Since these changes involved the regulation of glucose utilization
by the brain, the researchers predicted that interrupting SWS would
lead to the pre-diabetic state. The fact that type II diabetes and
sleep disorders – such as sleep apnea – are often associated,
provided further support for the theory.
Results
of SWS interference
The investigators tested their hypothesis on five men and four
women. The subjects were wired with electrodes and allowed to sleep
for eight hours on three consecutive nights. Each night, the
subjects were presented with acoustic tones to prevent them from
entering SWS without waking them. In other words, the subjects all
slept through the night, but were deprived of their SWS.
Blood samples
were drawn periodically to determine glucose levels and glucose
tolerance.

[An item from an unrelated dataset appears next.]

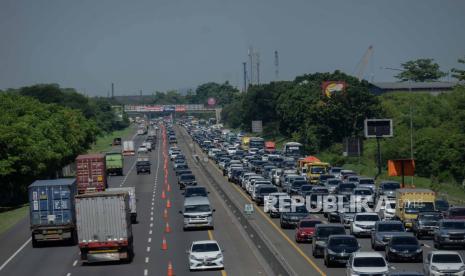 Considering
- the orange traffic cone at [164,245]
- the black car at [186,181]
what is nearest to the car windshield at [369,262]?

The results showed a 25% decrease in insulin
sensitivity, the capacity of cells to take-up glucose from the
blood, compared to baseline levels (glucose sensitivity without SWS
interference). A similar decrease in insulin sensitivity has
been recorded in people at high risk for developing type II
diabetes.
The results of
the University of Chicago study imply that SWS plays an important
role in the body as a whole. Just as it is on the neuro-behavioral
side, slow wave sleep seems to be critical to physiological
hormonal balance (homeostasis).
Changing
what we can
Granted, we can’t do much about our genetic constitution. Nor can
we reverse the aging process (at least not yet). But there are
steps we can take to maintain and/or increase our SWS
time:
1. Keep
psychological stress to a minimum.
2. Exercise regularly and maintain a healthy weight.
3. Follow a nutritious diet, high in fruits, berries, vegetables
and legumes.*
In other words, a
healthier lifestyle can help to promote slow wave sleep, which may
be the real key to a restoring, good night’s rest.